It is here that the Japan Geodetic Datum was established to serve as a reference for determining the standard for the country's longitude and latitude.

The revised longitude of the Geodetic Datum was announced by the Ministry of Education in 1918 as "139゜44'40.5020" E, longitude, and 35゜39'17.5148" N, latitude". However, in 2002, due to the revision of the amended Survey Act, the latest space geodetic techniques were utilized to establish the new longitude and latitude as "139゜44'28.8759"E, longitude, and 35゜39'29.1572"N, latitude".
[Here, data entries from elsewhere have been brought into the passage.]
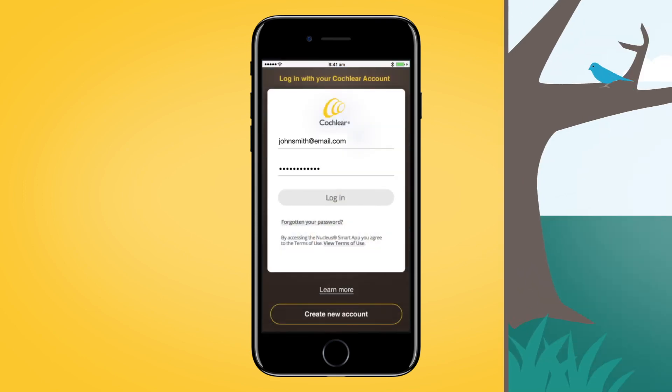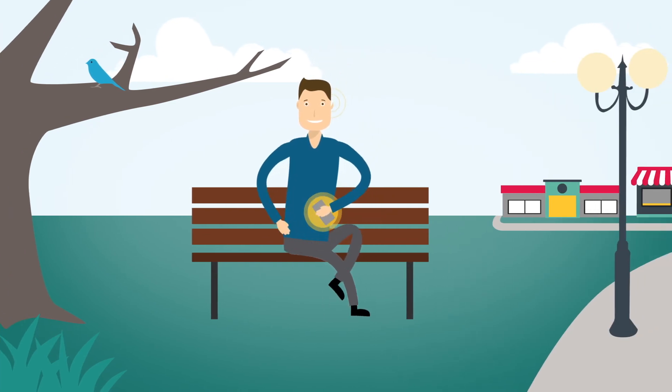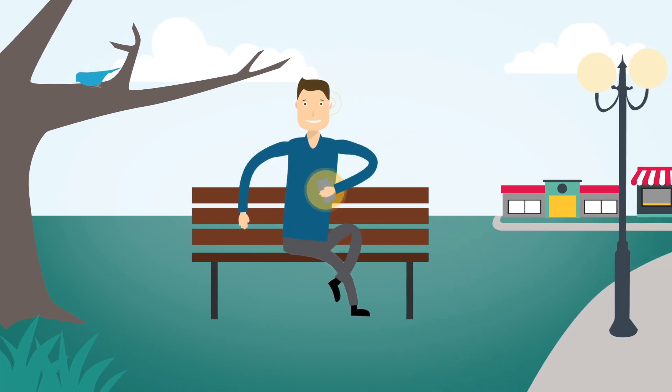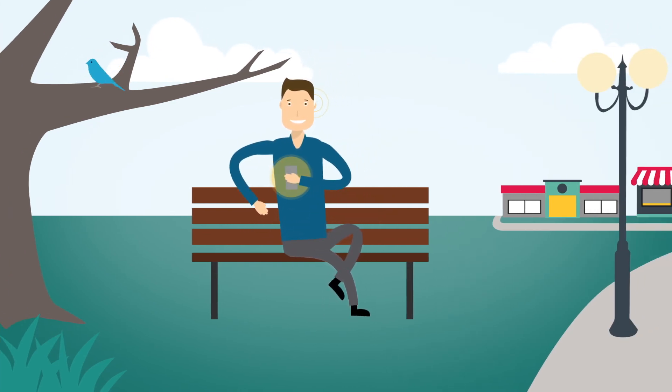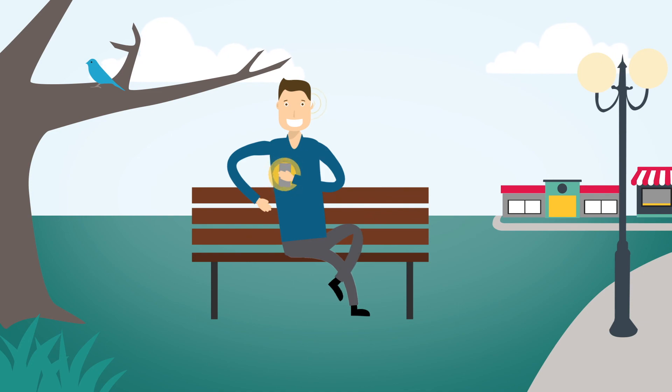When you have signed in, your processor will automatically be recognised by the app.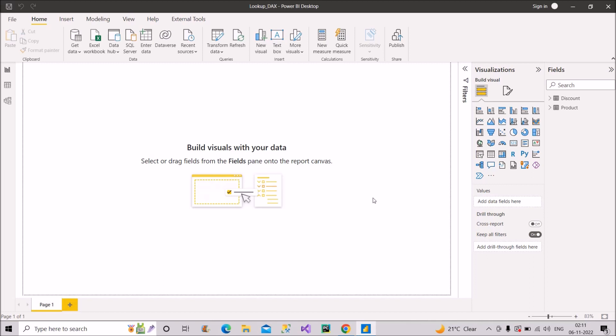The first thing that can be asked from you on the LOOKUPVALUE DAX function is: how are RELATED and LOOKUPVALUE DAX functions different from each other?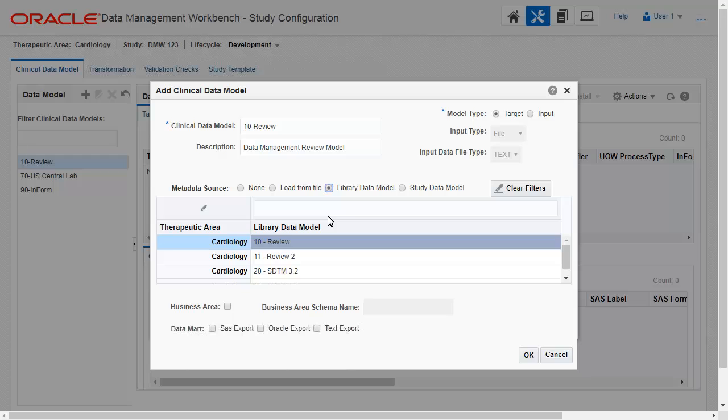You can use the filter to identify the desired library data model. Press Enter to perform the search.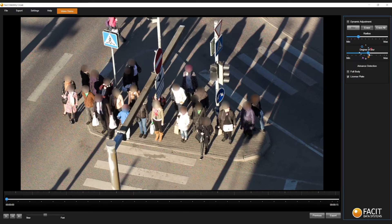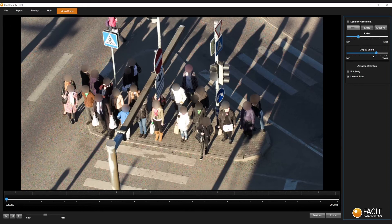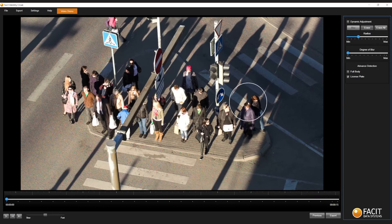Click on the blue dot on the right-hand side of the slider and drag this to the point you wish to have your blur density set to. Please note, if you set the blur to the minimum level, people will still be identifiable. Thank you for watching.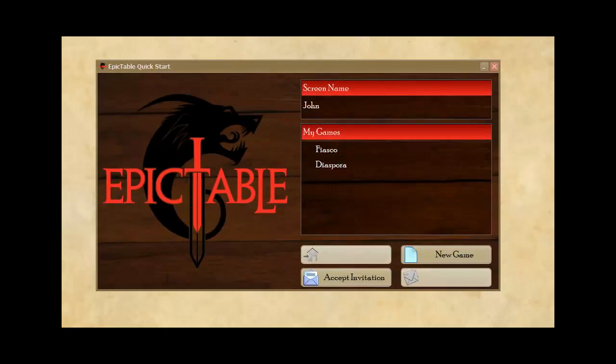This is Epic Table. In this video I'll show you how to create a game and invite your friends.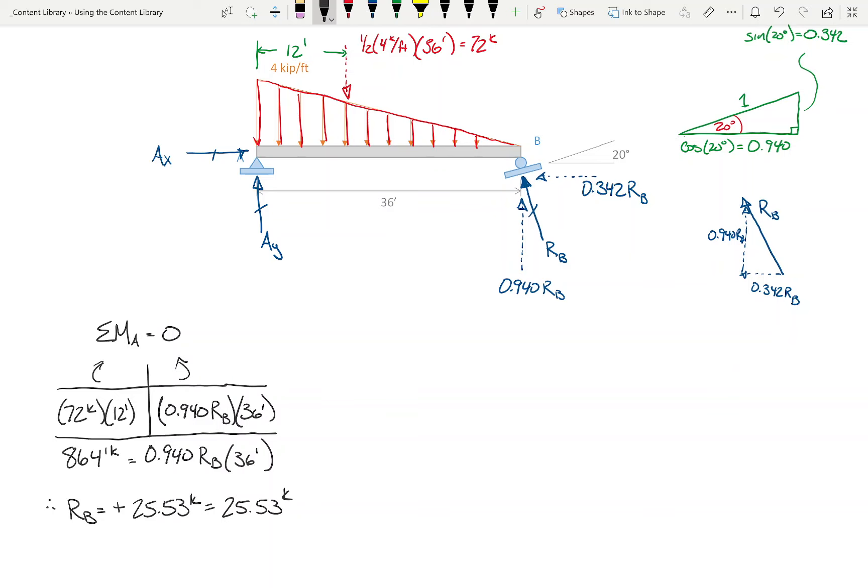Solving: RB = 864 / (0.940 × 36) = 25.53 kips. That's positive, so the arrow points in the assumed direction — perpendicular to the roller, acting diagonally. Remember: RB is not a horizontal or vertical component — it's the full diagonal reaction at B.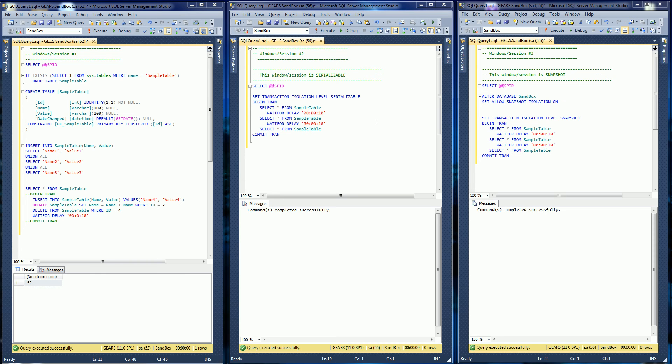Hi, in this video I'm going to go over the snapshot isolation level. The snapshot isolation level is similar to serializable.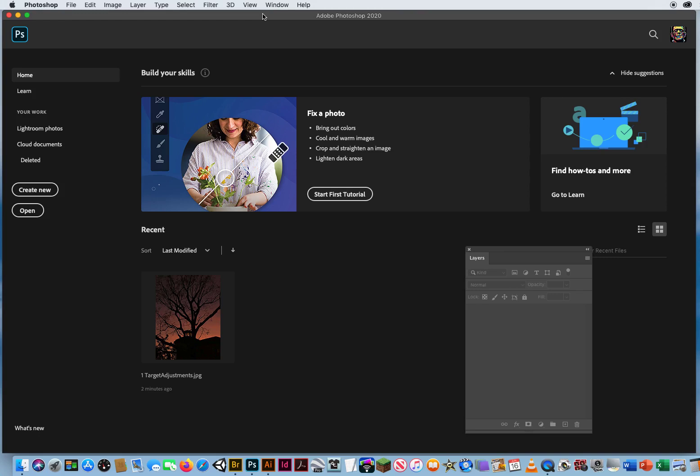In the last tutorial, I showed you the two different ways that the Target Adjustment Tool works. So to really get that point across, I want to show it to you one more time.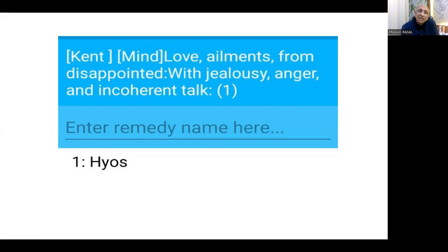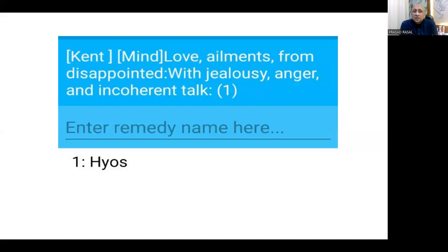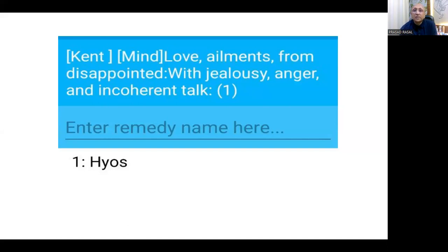Under this rubric: Calcarea, Lachesis, Natrum muriaticum, Phosphorus, Platinum, Sulfur — each reacts differently. Lachesis becomes jealous. Natrum goes into silent grief, broods, absorbs, buried in thoughts. Platinum becomes egotistical and feels forsaken, alone in the wilderness. Sulfur shows ego. There is also a rubric 'Love, Disappointed — with jealousy, anger, and incoherent talk': tremendous anger, tremendous hate, tremendous jealousy, and incoherent speech — that is Hyoscyamus. Hyoscyamus is a very important remedy that also has pathological effects on the body at a physical level.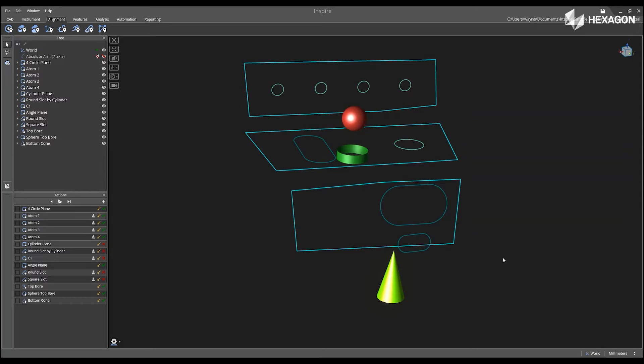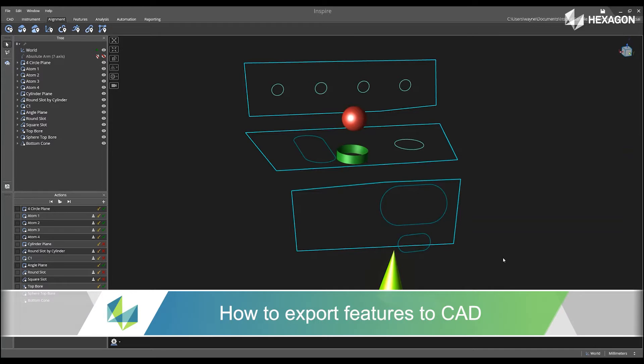Hi, Hexagon, and welcome to this Inspire training video. Today we are going to discuss how to export your features to CAD.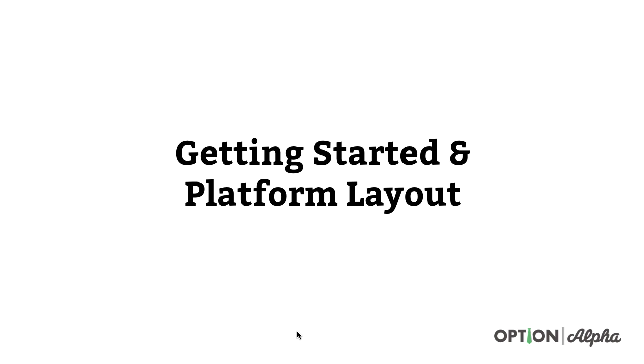Hey everyone, this is Kirk here again at optionalpha.com and welcome to the first video in the Thinkorswim course here officially to help you guys get started and just get a little bit of a lay of the land here with how the platform is laid out. First thing I want to do here is just load up the platform, show you guys how we load it up because there's a couple things you can actually do on load up when you actually load up the desktop version.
From 1874, the origin point was determined to be at the Tokyo Naval Observatory, but in 1888, it became the Tokyo Astronomical Observatory affiliated with the Astronomical Phenomenon Observatory of Tokyo University which integrated with the Geographical Bureau of the Ministry of Home Affairs in Tamaike Aoi-cho, Akasaka-ku. The origin point was in the center of the "Meridian Circle", an instrument used by the Astronomical Observatory.

In 1923, the Tokyo astronomical observatory moved to Mitaka but the "Meridian Circle" remained with the Geographical Survey Institute (GSI), as the Japan Geodetic datum, and at present it is utilized as Japan's origin of geographical measurement.

The Japan Geodetic Datum was not only the origin of the Japan Geodetic Coordinate System, but also the starting place of Japan's Astronomical Observatory and a place of deep interest for science technology and history as well as culture and historical significance.